The article goes on to list a number of things that can be done to address this and identifies a few solutions as possible ways to counter lead poisoning. These include things like lead safe housing, education of public, medical, and educational communities, early identification, early behavioral and/or medical treatment, adequate nutrition, and more.

What’s particularly interesting to me is that miracle teachers are not listed as part of the solution. That’s because the medical profession believes in acknowledging the root(s) of the problem, in addition to the symptoms, in order to address an illness. Make no mistake; it’s not just about lead poisoning either.

Many marginalized communities of poverty have higher rates of chronic asthma, higher rates of poor housing, higher rates of illiteracy, higher rates of emergency room visits, and more. I’ve read article after article after article. We know what the problems are, but we continue to do an autopsy instead of provide preventive care and continue to place the primary burden to solve the achievement gap on the shoulders of educators alone. It’s not right. It’s not fair and it’s not realistic.

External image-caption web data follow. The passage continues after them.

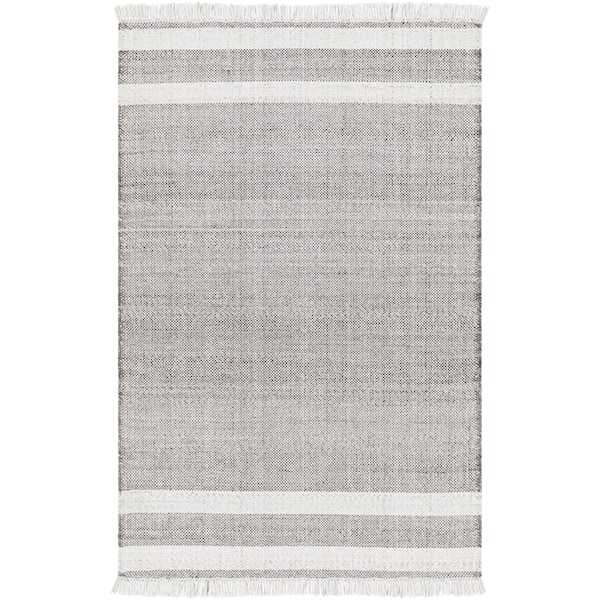 Livabliss Primrose PRM-2301 Performance Rated Area Rug PRM2301-810 - main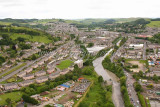 2011 Hawick Aerial Photos -11.jpg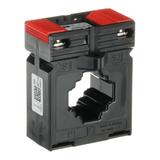 PRZEKŁADNIK PRĄDOWY CM-CT 400/1, 5VA KL.1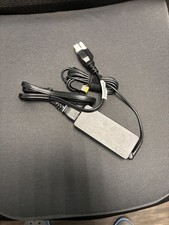 Lenovo A19-065N2A AC Adapter 65W 20V 3.25A Charger SA11B48989- picture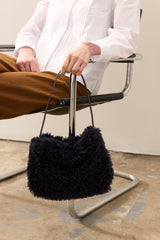 Arc Bag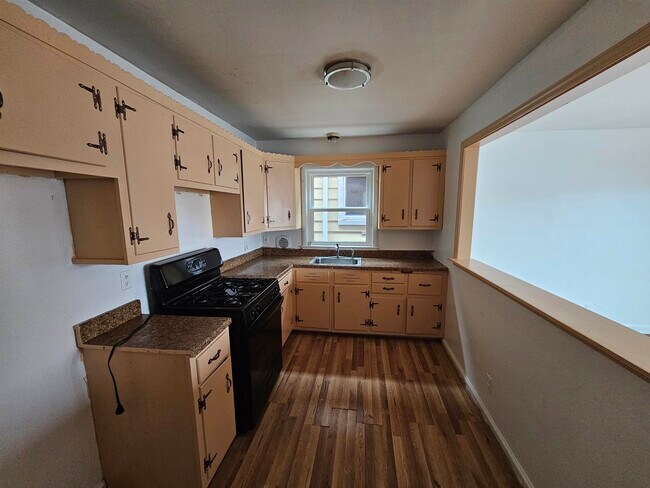 Building Photo - 38 E 29th St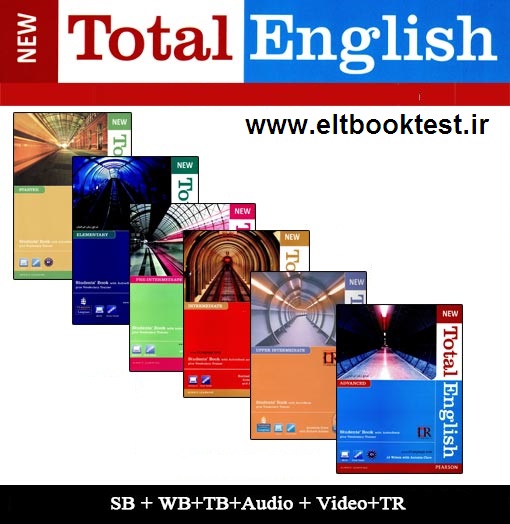 NEW-Total-English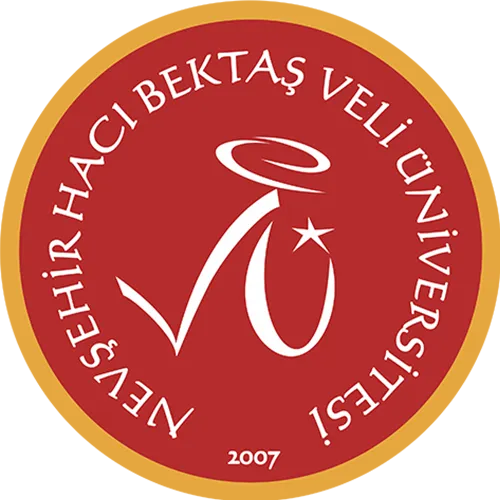 Nevşehir Hacı Bektaş Veli Üniversitesi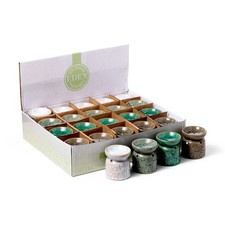 Mini Ceramic Oil Burner -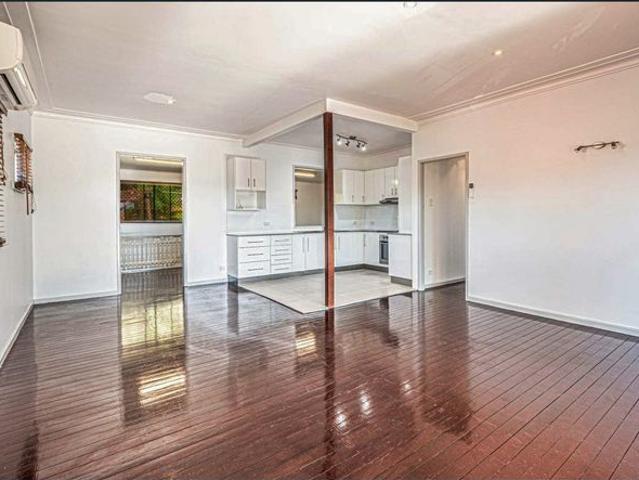 House for rent in East Lismore, New South Wales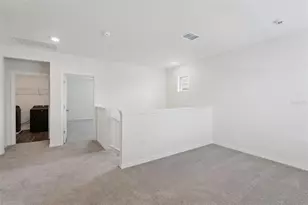11170 Hollow Bay dr, Winter Garden, FL 34787 - Photo 32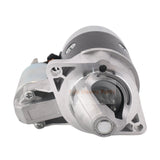 12V 9T Starter Motor 52810GT 23457GT 32193GT for Genie Boom Lift Z-34/22 Z-45/22 Z-45/25 Z-45/25J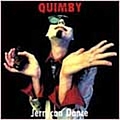 Quimby - Jerry Can Dance альбом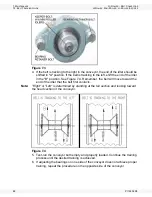 Предварительный просмотр 88 страницы AGI HI LIFE Original Instructions Manual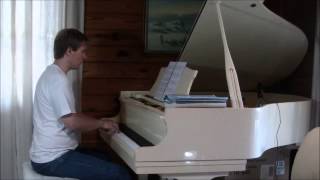 Dreamtime by Tuomas Holopainen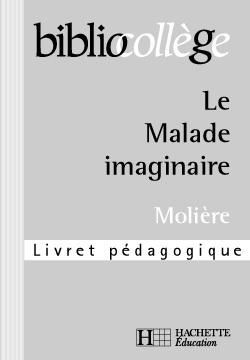 Le malade imaginaire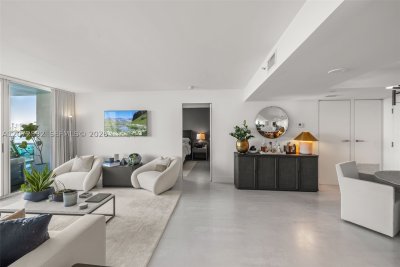 Comprar apartamento en Floridian 709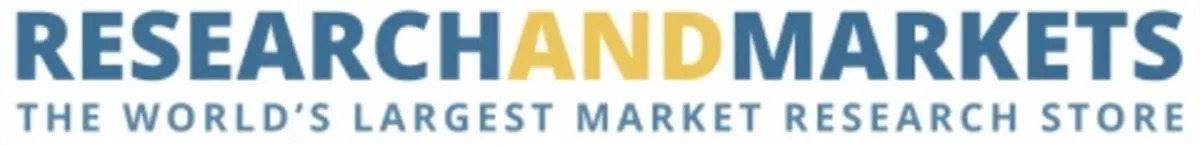 Saudi Arabia Construction Market Size, Trends, and Forecast to 2030 by Sector - Q2 2026 | Vision 2030 Fuels 4.4% Annual Growth and Infrastructure Opportunities in 2027-2030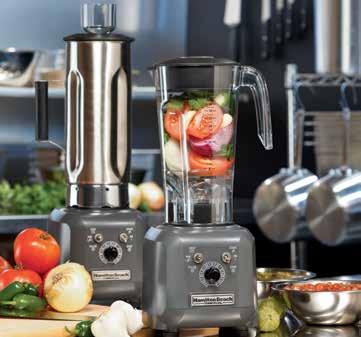 Tournant Food Blender kuchyňský Výkon HP HB-F600S-CE 3,0 27 600,- HB-6126-HBF600 náhradní nádoba 1,9 l 4 073,- HB-98650 náhradní sada nožů 3 135,- Kvalitní zpracování.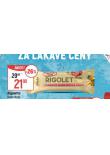 RIGOLETTO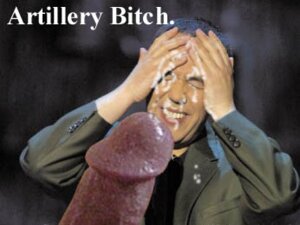 Rating: Explicit Score: 0 Tags: gilbert_gottfried male male_only rule34 tagme User: bunchy7s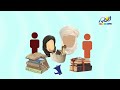 النتاج العلمي الإباضي وحديث عال م الأزهر السيد عبد الحافظ عبد رب ه عن الإباضية النتاج العلمي الإباضي وحديث عال م الأزهر السيد عبد الحافظ عبد رب ه عن الإباضية
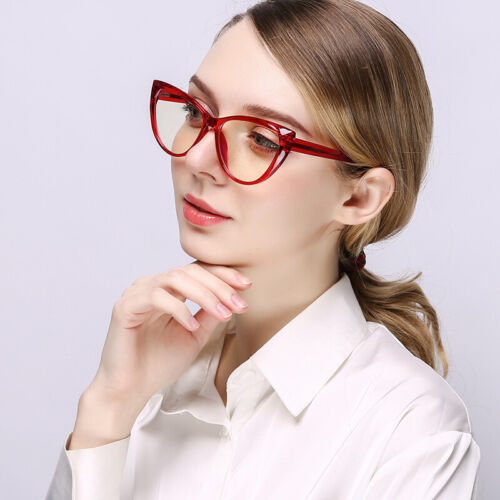 Fashion Style comfort Anti Blue light Outdoor UNISEX Eye Protection Glasses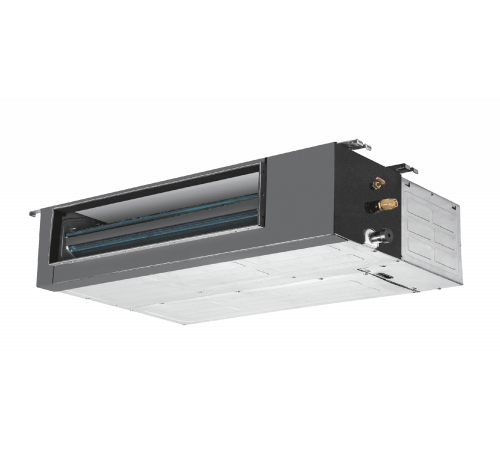 LCAC-48TDI (комплект) канальной инверторной сплит-системы LORIOT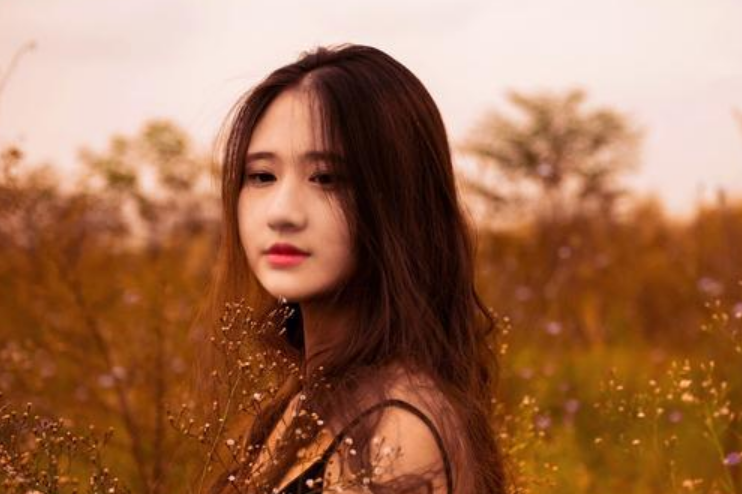 晚安墨然|所有的不主动，从来不是因为忙，而是不够爱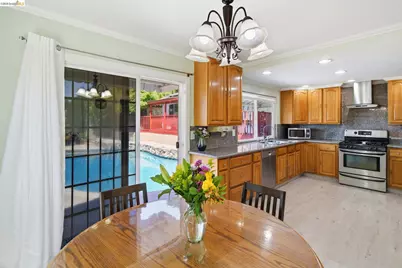 133 Stratford St, Vallejo, CA 94591 - Photo 23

How much additional research do we need to know that living in a high stress environment, with an over exposure to trauma, and a lack of access to quality health care, housing, and employment in an overwhelmingly economically depressed community has a negative impact on student performance? It’s not rocket science, but if you need more information on this issue please read some of the articles I’ve been reading for a real picture of the point I am trying to get across in this post. You can check them out here and here. Educators, most certainly have a professional and moral obligation to provide students with the highest quality instruction possible. There’s no doubt about that. We also have a responsibility to deal with the root causes of the achievement gap to help them do so.

We must be courageous enough to talk about the many other gaps in healthcare, housing, employment, economic development, etc. that accompany and contribute to achievement. Moreover, we must be courageous enough to demand others do something about the other gaps that they can impact.  As educators, it is time we ask those in the private sector to join us in this effort. While we can do our best to provide students with a quality educational experience, we are not policy makers, we cannot impact the economic development of our communities, we cannot provide access to quality health care and housing, but there are those who can and should. If we are committed to closing the gap, then asking those who impact the very things that contribute to it, should not come as an unexpected request. In fact, there should be an overwhelming eagerness to address the roots of the issue so that we can work toward solving the problem. To solve this problem, it will require the best of all of us, not just educators. Collectively, we have a responsibility to our communities and to our fellow human beings.

After we are courageous enough to start talking about these root causes, let’s be courageous enough to do something about it.  For those of us who are educators, I challenge you to let others know who’s dating the achievement gap because it is not single. With the help of everyone, we might just be able to make it monogamous.

Y’all press on now because the children are depending on us-ALL of us.